- [TASK DETAILS]: The line with "So, as you can", the line with "Thank you for inviting", and all lines between them in the material below: return these exactly, and no others.
========================================
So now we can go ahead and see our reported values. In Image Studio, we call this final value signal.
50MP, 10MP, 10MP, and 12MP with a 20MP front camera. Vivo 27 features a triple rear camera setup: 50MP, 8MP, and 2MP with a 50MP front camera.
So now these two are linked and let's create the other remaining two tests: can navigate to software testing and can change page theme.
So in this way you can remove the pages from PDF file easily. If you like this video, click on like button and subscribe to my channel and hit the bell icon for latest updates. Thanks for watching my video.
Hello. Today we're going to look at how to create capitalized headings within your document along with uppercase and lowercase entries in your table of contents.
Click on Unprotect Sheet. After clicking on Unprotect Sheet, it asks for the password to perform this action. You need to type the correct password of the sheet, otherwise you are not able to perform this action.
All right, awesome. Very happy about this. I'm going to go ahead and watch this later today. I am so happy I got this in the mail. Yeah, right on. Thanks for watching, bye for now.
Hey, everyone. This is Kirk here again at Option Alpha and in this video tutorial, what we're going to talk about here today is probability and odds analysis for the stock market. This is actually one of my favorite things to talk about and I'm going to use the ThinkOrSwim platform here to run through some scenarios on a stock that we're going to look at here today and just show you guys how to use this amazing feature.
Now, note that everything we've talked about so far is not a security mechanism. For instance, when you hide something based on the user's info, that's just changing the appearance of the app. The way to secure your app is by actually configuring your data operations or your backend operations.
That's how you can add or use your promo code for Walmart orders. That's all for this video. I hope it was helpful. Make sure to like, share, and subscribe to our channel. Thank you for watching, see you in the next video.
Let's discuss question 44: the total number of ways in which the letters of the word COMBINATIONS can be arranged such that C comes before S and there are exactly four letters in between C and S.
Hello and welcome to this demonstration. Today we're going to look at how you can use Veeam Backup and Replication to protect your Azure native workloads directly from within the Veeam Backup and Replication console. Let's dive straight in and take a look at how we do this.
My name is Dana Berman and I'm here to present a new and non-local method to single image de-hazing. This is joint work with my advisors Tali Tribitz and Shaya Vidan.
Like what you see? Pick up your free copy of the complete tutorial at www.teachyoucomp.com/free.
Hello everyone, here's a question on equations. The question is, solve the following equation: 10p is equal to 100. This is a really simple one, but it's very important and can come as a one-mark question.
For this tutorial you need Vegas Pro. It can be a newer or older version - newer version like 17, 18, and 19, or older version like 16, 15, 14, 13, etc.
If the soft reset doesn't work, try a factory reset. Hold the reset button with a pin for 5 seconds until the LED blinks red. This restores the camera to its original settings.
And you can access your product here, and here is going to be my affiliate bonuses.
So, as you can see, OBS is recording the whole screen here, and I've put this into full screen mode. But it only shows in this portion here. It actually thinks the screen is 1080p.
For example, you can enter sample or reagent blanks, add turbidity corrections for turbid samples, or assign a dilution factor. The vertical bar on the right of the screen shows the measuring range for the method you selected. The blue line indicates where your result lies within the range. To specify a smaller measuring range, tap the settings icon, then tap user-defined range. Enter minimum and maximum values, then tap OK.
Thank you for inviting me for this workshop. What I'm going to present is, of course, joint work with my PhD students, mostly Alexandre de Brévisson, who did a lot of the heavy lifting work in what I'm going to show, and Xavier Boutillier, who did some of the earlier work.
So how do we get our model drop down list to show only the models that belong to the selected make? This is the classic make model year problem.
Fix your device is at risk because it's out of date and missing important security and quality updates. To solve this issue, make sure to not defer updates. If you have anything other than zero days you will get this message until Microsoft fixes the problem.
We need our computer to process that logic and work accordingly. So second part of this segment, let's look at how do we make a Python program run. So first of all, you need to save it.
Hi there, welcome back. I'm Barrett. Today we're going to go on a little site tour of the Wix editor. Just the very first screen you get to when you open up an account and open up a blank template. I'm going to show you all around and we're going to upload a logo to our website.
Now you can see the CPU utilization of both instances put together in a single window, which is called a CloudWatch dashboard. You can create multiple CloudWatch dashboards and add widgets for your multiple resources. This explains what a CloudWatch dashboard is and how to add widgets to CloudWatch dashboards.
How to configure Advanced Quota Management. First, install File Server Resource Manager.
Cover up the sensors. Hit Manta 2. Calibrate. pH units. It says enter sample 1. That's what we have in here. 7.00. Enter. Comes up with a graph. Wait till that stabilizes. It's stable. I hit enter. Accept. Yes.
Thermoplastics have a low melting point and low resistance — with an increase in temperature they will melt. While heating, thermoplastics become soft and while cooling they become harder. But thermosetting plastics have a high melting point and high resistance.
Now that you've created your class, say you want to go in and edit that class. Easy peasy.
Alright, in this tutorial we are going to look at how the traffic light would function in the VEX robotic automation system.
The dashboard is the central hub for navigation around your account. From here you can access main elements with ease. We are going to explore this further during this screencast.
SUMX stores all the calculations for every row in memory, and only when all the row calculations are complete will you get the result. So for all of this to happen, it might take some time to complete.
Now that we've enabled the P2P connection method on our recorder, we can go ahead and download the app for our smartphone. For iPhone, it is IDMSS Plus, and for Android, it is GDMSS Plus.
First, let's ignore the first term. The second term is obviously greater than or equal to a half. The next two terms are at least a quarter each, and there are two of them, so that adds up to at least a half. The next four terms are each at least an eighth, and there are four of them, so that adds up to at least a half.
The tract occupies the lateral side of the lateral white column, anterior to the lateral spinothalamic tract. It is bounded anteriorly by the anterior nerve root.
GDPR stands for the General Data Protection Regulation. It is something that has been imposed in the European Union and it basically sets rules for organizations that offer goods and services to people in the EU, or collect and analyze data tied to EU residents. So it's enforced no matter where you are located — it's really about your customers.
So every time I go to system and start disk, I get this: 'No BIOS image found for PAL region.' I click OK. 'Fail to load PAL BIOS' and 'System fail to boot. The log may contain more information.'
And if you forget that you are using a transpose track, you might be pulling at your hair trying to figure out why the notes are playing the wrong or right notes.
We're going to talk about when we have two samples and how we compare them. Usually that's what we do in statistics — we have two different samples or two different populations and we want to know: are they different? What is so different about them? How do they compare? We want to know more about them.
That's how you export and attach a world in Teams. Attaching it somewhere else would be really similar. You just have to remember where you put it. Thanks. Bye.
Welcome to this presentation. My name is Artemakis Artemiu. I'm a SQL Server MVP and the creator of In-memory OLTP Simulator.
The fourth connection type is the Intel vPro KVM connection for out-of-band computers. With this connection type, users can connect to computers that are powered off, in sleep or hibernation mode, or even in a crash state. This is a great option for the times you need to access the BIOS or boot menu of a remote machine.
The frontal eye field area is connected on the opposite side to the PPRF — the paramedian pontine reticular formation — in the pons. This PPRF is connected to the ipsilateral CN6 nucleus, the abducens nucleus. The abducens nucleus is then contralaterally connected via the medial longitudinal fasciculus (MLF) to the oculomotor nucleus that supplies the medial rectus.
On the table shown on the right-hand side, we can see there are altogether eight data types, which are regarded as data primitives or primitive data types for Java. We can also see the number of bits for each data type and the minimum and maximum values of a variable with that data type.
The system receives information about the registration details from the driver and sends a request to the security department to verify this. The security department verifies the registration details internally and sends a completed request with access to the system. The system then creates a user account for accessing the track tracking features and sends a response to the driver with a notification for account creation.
========================================
- [SOLUTION TO THIS PROBLEM]:
So, as you can see, OBS is recording the whole screen here, and I've put this into full screen mode. But it only shows in this portion here. It actually thinks the screen is 1080p.
For example, you can enter sample or reagent blanks, add turbidity corrections for turbid samples, or assign a dilution factor. The vertical bar on the right of the screen shows the measuring range for the method you selected. The blue line indicates where your result lies within the range. To specify a smaller measuring range, tap the settings icon, then tap user-defined range. Enter minimum and maximum values, then tap OK.
Thank you for inviting me for this workshop. What I'm going to present is, of course, joint work with my PhD students, mostly Alexandre de Brévisson, who did a lot of the heavy lifting work in what I'm going to show, and Xavier Boutillier, who did some of the earlier work.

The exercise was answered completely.